● **RECORDS SUPPLIED**
====

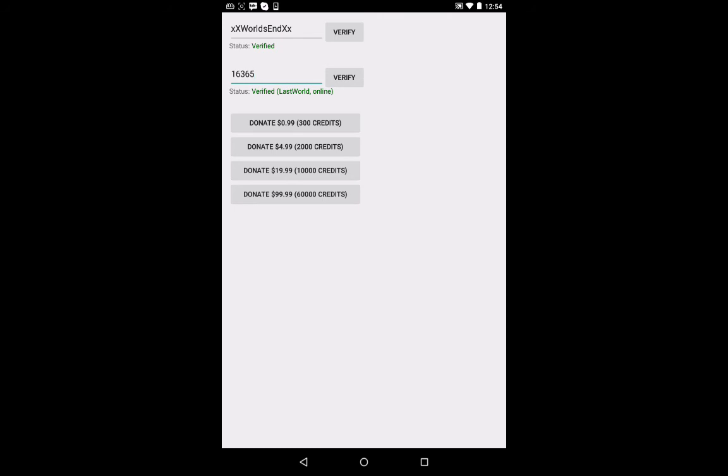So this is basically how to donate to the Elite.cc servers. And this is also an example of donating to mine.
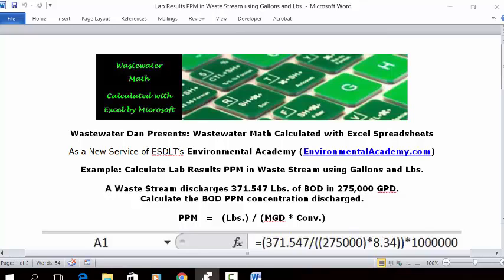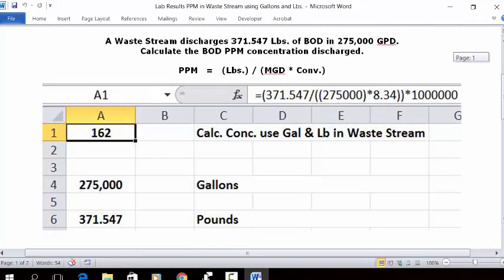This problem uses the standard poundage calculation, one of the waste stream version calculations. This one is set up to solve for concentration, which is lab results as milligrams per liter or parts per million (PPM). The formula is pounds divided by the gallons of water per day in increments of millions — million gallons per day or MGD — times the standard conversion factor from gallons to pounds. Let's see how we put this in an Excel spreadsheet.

====

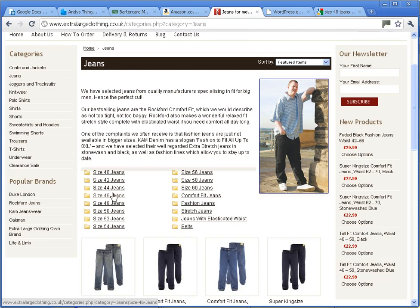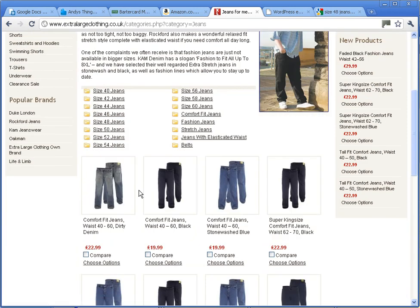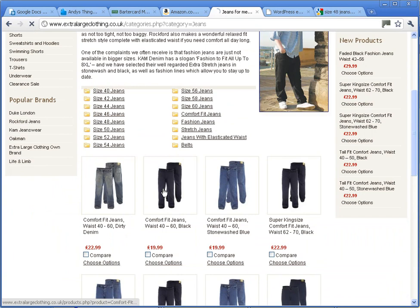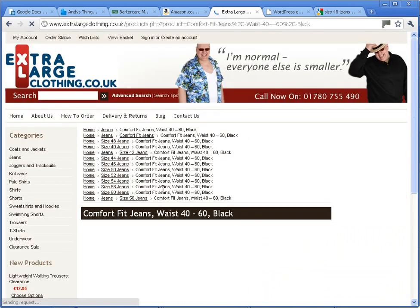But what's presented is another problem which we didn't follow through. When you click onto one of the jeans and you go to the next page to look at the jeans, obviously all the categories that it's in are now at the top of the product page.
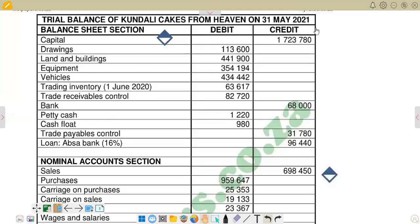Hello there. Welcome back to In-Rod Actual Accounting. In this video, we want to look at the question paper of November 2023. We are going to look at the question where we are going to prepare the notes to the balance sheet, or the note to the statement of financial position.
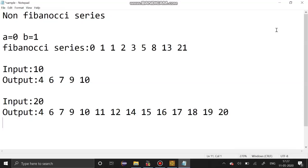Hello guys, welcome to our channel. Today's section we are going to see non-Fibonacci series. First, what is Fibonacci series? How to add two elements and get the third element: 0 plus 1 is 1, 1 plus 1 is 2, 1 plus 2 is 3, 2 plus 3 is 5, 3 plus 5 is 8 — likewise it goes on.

====

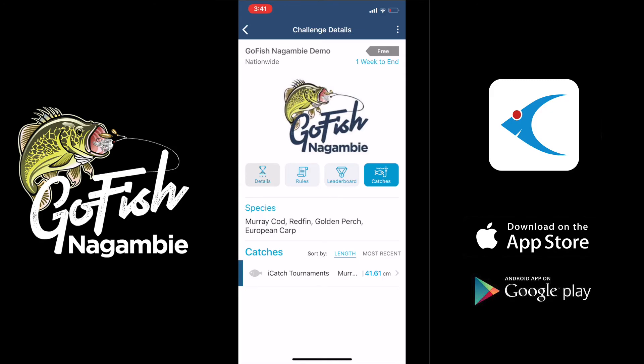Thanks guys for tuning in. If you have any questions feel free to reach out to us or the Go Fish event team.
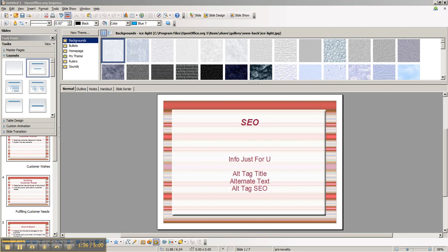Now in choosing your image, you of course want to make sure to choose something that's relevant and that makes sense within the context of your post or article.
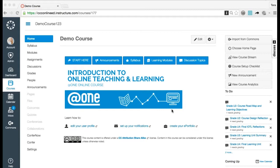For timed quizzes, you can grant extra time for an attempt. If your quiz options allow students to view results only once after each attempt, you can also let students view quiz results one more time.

====

Starting with the line that has "But what's presented" and ending with the line that has "Hello there. Welcome", repeat the lines above exactly, omitting every picture.

But what's presented is another problem which we didn't follow through. When you click onto one of the jeans and you go to the next page to look at the jeans, obviously all the categories that it's in are now at the top of the product page.
Hello there. Welcome back to In-Rod Actual Accounting. In this video, we want to look at the question paper of November 2023. We are going to look at the question where we are going to prepare the notes to the balance sheet, or the note to the statement of financial position.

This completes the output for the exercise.